牛劍學院跟英國皇室的關係密切、錯綜複雜。但從果效來看,千多年的君主政權,給予牛劍的支援:全程達八百多年!這對於這兩所大學的發展,固然十分重要。從法理的角度看,由於每一所學院,都是英皇御准,這意味著每所學院的憲章,若要改動,須先得數百個院士,大部分投票支持,再呈國會批准。因此,憲章的大幅改動,難若登天。這立憲方法,有助一個成功的學院制度,長久地持續下去。

三寶之最

學院競爭、財政獨立、英皇御准:是牛劍的三大法寶。這三寶之中,應以「學院競爭」為上。其餘兩寶,是維持這個競爭制度的方法。競爭是成功的要素:這是經濟學、生物學的共同觀點了。

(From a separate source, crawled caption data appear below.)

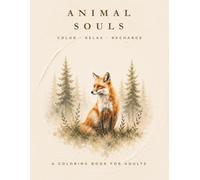 ANIMAL SOULS - The Relaxing Coloring Book for Stress Relief: Color - Relax - Recharge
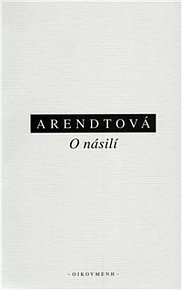 O násilí by Hannah Arendt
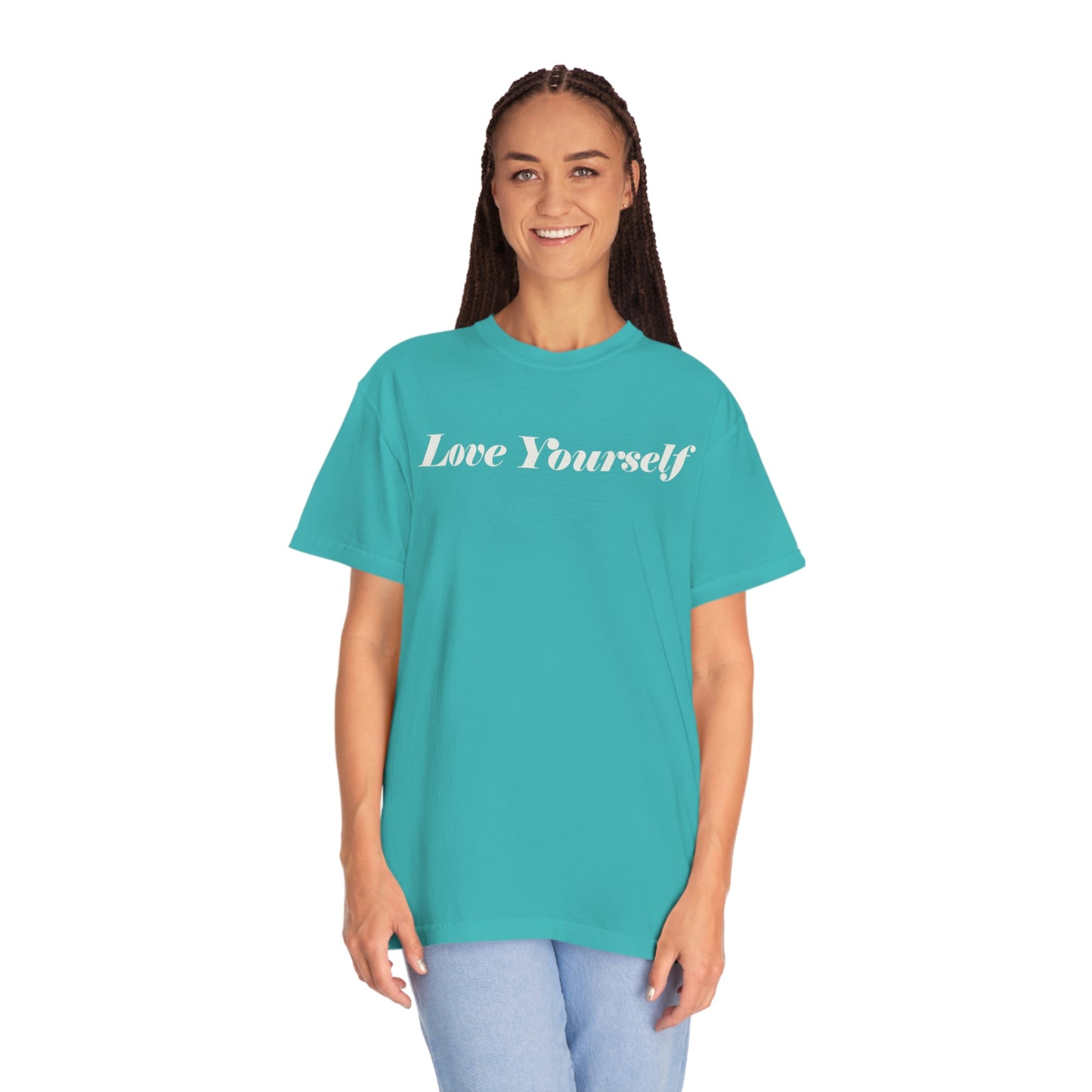 Love Yourself - Dear Human Behind Me...Garment-Dyed T-shirt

大學之外,劍橋當然也跟其他大學競爭。不過,大學內外的競爭方式,顯然有所不同。例如美國的名校,實力都放在研究院裡。研究成果,公之於世,競爭的方法也比較清晰。本科生沒有研究成果,大學之間就難以直接比較了:總不能比較一下,誰家大學,產出一級榮譽生較多吧 ?

(近年GPA盛行,卻引致「發水成績」的趨勢 ? )

牛劍學院制度成功之處,就是把高考的競爭,延續到學院,為本科生及學院導師,提供一個公平競爭的平臺。學院及導師制,應是牛劍獨有,這可能是歷史的偶然,但顯然是培養本科生的優良制度。佛利民訪問凱思一年之後,亦有如斯結論。

見賢思齊

戰前的港大,學生必須入住宿舍。戰後百廢待興,學生人數增加,「必須住宿」的原則,亦不能維持。五十年代,六名來自大馬的聖約翰宿生,為推動宿舍之間的友誼,創立了馬來人杯:即舍堂體育比賽全年總冠軍。自此,宿舍之間的競爭,便集中在體育比賽了。時至今日,舍堂文化的許多面貌,都是從體育競技演變出來。體育比賽培養學生堅毅不屈、忠誠團結的精神。在今天的社會,這些價值,對於大學生,尤其重要。

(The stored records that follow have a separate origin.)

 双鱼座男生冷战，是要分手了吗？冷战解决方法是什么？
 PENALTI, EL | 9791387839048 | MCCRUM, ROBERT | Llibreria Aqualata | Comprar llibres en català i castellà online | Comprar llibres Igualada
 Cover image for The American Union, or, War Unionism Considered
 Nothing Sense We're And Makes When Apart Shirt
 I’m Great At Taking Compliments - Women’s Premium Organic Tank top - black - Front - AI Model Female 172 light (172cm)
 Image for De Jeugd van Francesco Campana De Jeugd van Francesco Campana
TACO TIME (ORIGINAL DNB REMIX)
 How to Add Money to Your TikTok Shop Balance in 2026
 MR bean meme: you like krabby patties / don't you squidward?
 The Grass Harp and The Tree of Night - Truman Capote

人類忠於一個小團體,每個人都互相認識;小團體之間又互相競爭,這組織方法,非常切合人類的天性 :人類進化幾百萬年,絕大部分時間,就是處於部落競爭的狀態。牛劍學院制度的精粹,就是把小團體之間的競爭,提升至學術的層次。

當然,每所大學的歷史、條件都不一樣。但港大的舍堂,已奠下了體育競技、群體價值的良好基石。若能再進一步,借牛劍的法寶,變出一招半式,也許百年之後,又有不一樣的風景。

註:梁維耀教授的精釆演講,見

http://www.youtube.com/watch?v=VXOcMpj5bAY (選段)
http://www.youtube.com/watch?v=W-w4eBCXECk (頭段)
http://www.youtube.com/watch?v=sWINyuO4PKY (中段)
http://www.youtube.com/watch?v=Cmf-Wdyt6TA (尾段)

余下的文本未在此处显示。